Prior to about 1870’s the American Settlers had a tacit respect for the knowledge, skills and achievements of the “Amerinds “. They recognized many of the monuments, standing stones, art works and burial mounds to be similar to those found in their homelands.
As Americans began to “master” nature through technology, this respect for these indigenous peoples began to fail. Their sites were plundered, desecrated and ploughed under.
Hollywood, popular literature and historical revision took hold.

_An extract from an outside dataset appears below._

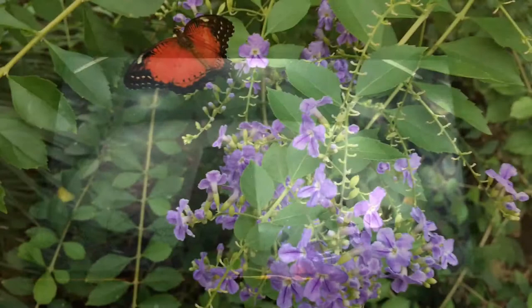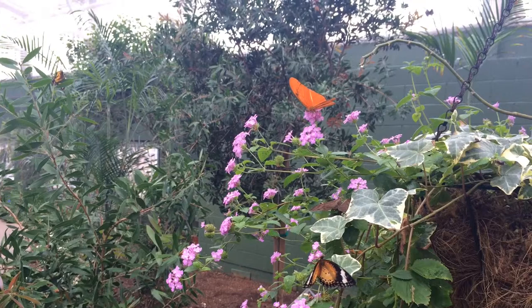Butterfly Wonderland and its sister attractions are the first phase of a $170 million entertainment complex on the Salt River Pima Maricopa Indian community called Odyssey in the Desert.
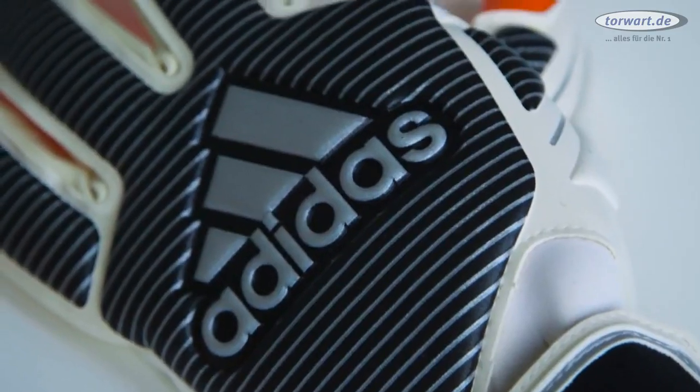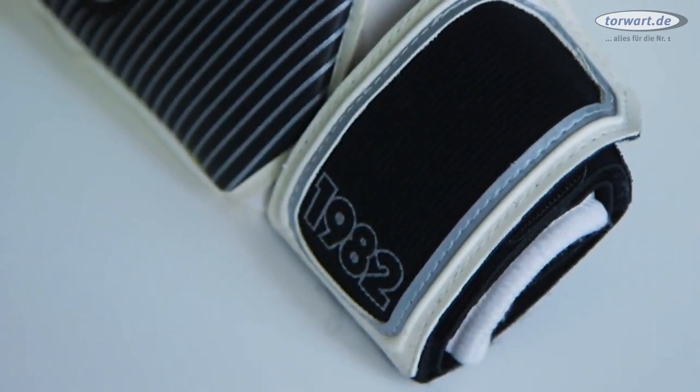The History Pack is something which is pretty emotional for us. The retro design and the modern technology created a really cool looking glove, which we create only a limited edition of.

Only recently has our respect and admiration returned for these past civilizations, their culture and their reverence for the natural environment which sustained them.
The purpose of the RTHS presentation was to increase the awareness of these matters and to give an overview and extent of past civilizations, with examples which spread from Tallahassee, to the Lower Mississippi, from farmlands of Iowa and southern Manitoba to the floodplains of Ohio, even into Ontario’s Humber Valley and the shores of Rice Lake.
These civilizations, with extensive trade routes across the continent, were sedentary agriculturalist, growing the “Three Sisters” of corn, beans and squash on the rich alluvial soils of the major rivers, providing healthy, well balanced societies.
The Adena peoples built a civilization starting about 500BC. It collapsed around 1 AD.
The Hopewell (Woodland) culture evolved about 100 BC lasting 500 years.